Do not force your attention or pull back from distraction immediately. Instead, take a moment and pause. In fact, mindfulness meditation is all about taking a moment to come back to the present. Even if the mind continues to wander, continue developing your mindfulness meditation skills repeatedly.
Follow guided meditations
‘Close your eyes and imagine sitting by the river’ may sound familiar to you. A lot of calming apps and experts tell you to do this. This is because imagination is a powerful tool for taking your mind away from distraction, helping you move towards relaxation.
Also available are recorded audio notes and messages on guided meditation that bring your consciousness to a state of calmness. Guided meditations are helpful in many ways; they can be an excellent introduction to mindfulness meditation as you can select the time period of your choice. Further, the instructions of an external guide helps you to come back in the present moment anytime you need. Guided mindfulness meditation packages comes with the inherent advantage of being downloadable, being available at all hours and at your utmost convenience.
Follow your breath
Your breath is the single source of life energy. In the normal course of our lives, we tend to forget or do not realize the importance of breathing. However, meditative minds know the enormous impact a proper inhale, hold, exhale and hold cycle of breathing can have on our mind. Mindfulness in breathing is a systematic procedure of bringing your focus back on the present moment.
To begin with, gentle awareness of your breath will be enough. A hushing sound of your breath will make you feel that being alive is a wonderful thought, enough to bring you back from the brink of an emotional upheaval. With proper practice, following your breath in mindfulness meditation can help you exhale negative thoughts and inhale in optimism. This can be extremely helpful in improving your attention span, creative ability and a healthy outlook towards life in general.
Mindfulness meditation by following breath is not just calming and energising, it is actually the ‘Rhythm Divine’. So listen to it carefully.
The body scan
Your body is the harbinger of life. Keep your hand on your heart and find out how much attention you give to your body. Barring a few, most will realize that besides looking good, no one has paid any real attention to the body and its constituents. Body scan is one such technique of mindfulness meditation, which turns your attention to each and every body part and organ instead of the breath.

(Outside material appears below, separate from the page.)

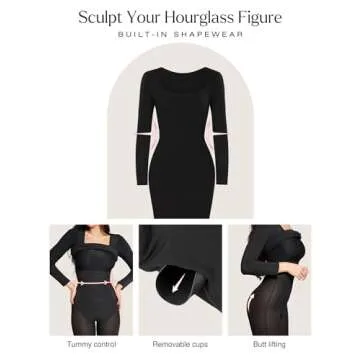 Popilush Party Dress Long Sleeve Bodycon Midi Dresses Shapewear Tummy Control Black Club Night Out Built-in Bra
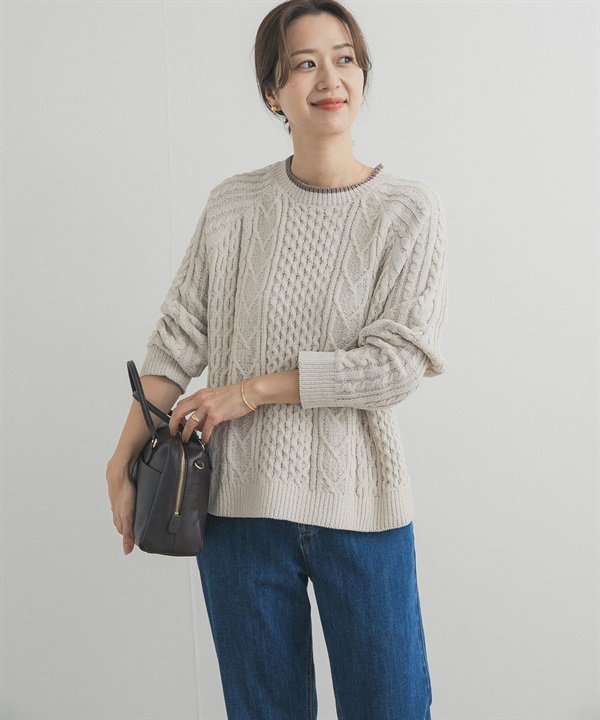 連肩袖雪尼爾紗針織衫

To elaborate, mindfulness meditation with body scan brings in a structure to focus on different senses and areas of the body. Start with the head, then slowly and deliberately bring your attention to the skin, forehead, eyes, nose, ears, chin and then downwards to the heart, lungs and abdomen, waist, knees and toes. It might seem difficult in the early stages but you will steadily experience all sensations flowing in your mind, immersing you in pure feelings. Do not react, just acknowledge the feelings and re-establish your connection with life and the self.
Just remember that for all forms of mindfulness meditation, you are advised to sit with a straight spine or lie on you back with arms and legs in relaxed position for best results. Gautam Buddha, whose calmness and teachings have inspired millions of people, outlined mindfulness meditation with the words, ‘Be where you are, otherwise you will miss your life.’